Существует анекдот о начальнике какой-то крепости, который приводит сотню причин, почему он не приветствовал императора Иосифа при его приезде стрельбой; последняя из этих причин та, что в крепости не было пороха. В подобном же положении по отношению ко мне были русские военные учреждения. Они приводили мне всевозможные объяснения, причины и увертки, как я их определял по их речам, но не сказали мне того, что я узнал лишь после большевистской революции: руководящие военные и правительственные учреждения уже в 1915 г. постановили, что чешская армия не будет создана. Как я уже сказал, об этом я узнал лишь после большевистского переворота; эти сведения доставил мне сербский военный атташе Лонткевич[2].

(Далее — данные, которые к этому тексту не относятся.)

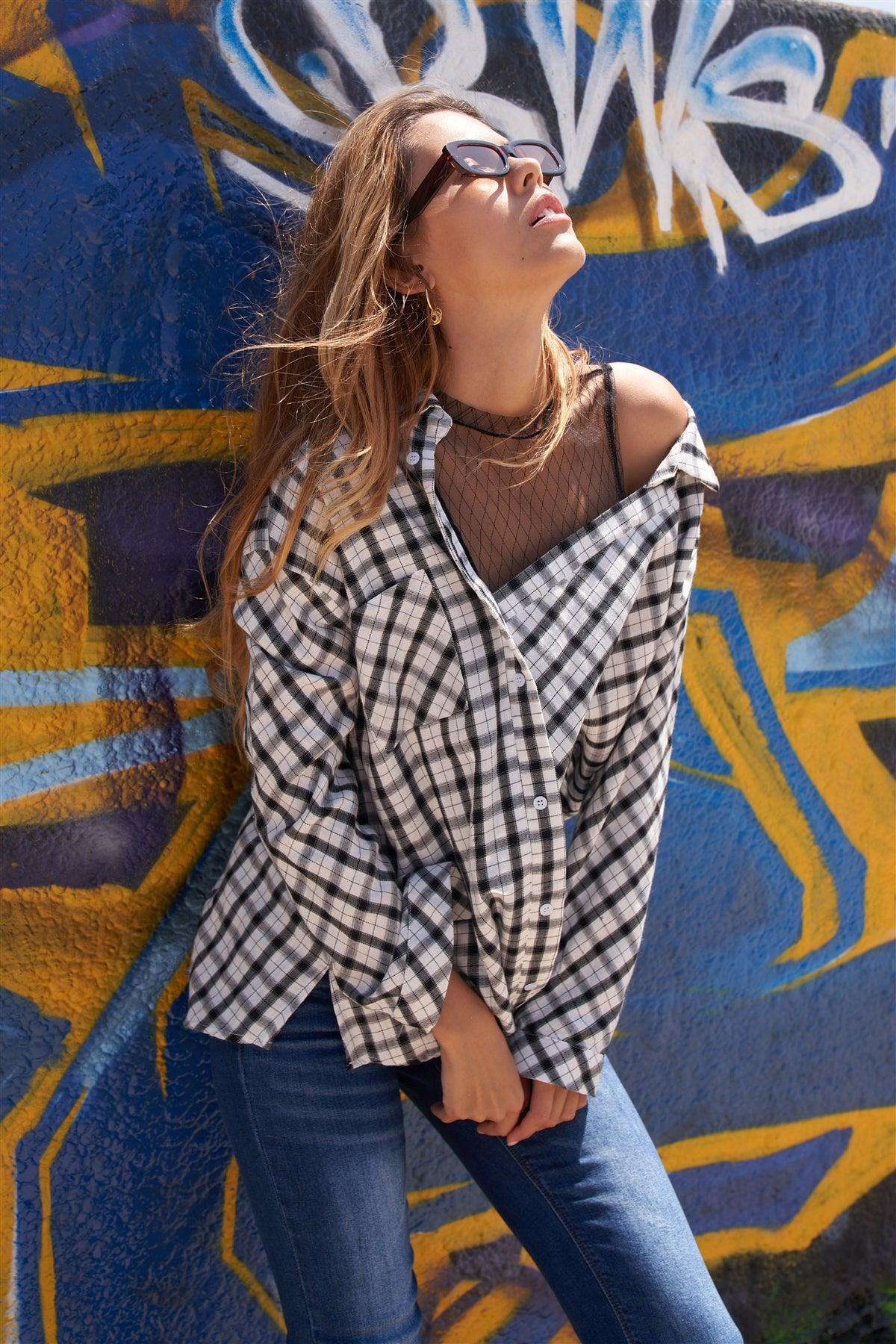 White Black Plaid Asymmetrical Front Button Down Top /2-2-2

Я понимал, что военные, привыкли слушаться, что они чувствовали себя связанными постановлением и деловой тайной; однако мне было очень неприятно, что ни Корнилов, ни Брусилов, при всем своем уважении к нашим солдатам, не решались изменить постановление, сделанное при совершенно иных условиях. Для меня было ясно, почему царские обещания оставались неисполненными и почему признанный наконец формировочный статут не соответствовал нашей программе.
Я получил из Вены достоверные сведения, что там знали о затяжках и неохоте русских учреждений и страшно этому радовались. Наши люди видели в этом постоянном затягивании дела русскими военными и гражданскими учреждениями взятку со стороны Австрии, и подвергалась обсуждению мысль, что здесь идет дело об австрийском влиянии. В споре наших партий и в создании Народного совета Дюриха многим мерещилась рука Австрии (без ведома самого Дюриха); о Приклонском, организаторе правительственного Национального совета, открыто твердили (в этом обвиняли его и русские), что он является платным мадьярофилом (он был перед войной консулом в Будапеште, после революции его снова там видели). Генерал Штефаник высказывал обоснованные как будто подозрения и против одного из киевских деятелей – если это правда, то это был бы единственный случай измены. Я высказал Штефанику сомнения в правдоподобности факта; он мне обещал подробные письменные доказательства, очевидно, они сгорели при падении его аэроплана. Я еще и сейчас сомневаюсь, что они могли бы что-нибудь доказать.
2
К сожалению, он умер. Он мне обещал в Киеве, что пошлет мне через посольство копию этих постановлений в Париж или в Америку: я их не получил, если даже он их и послал.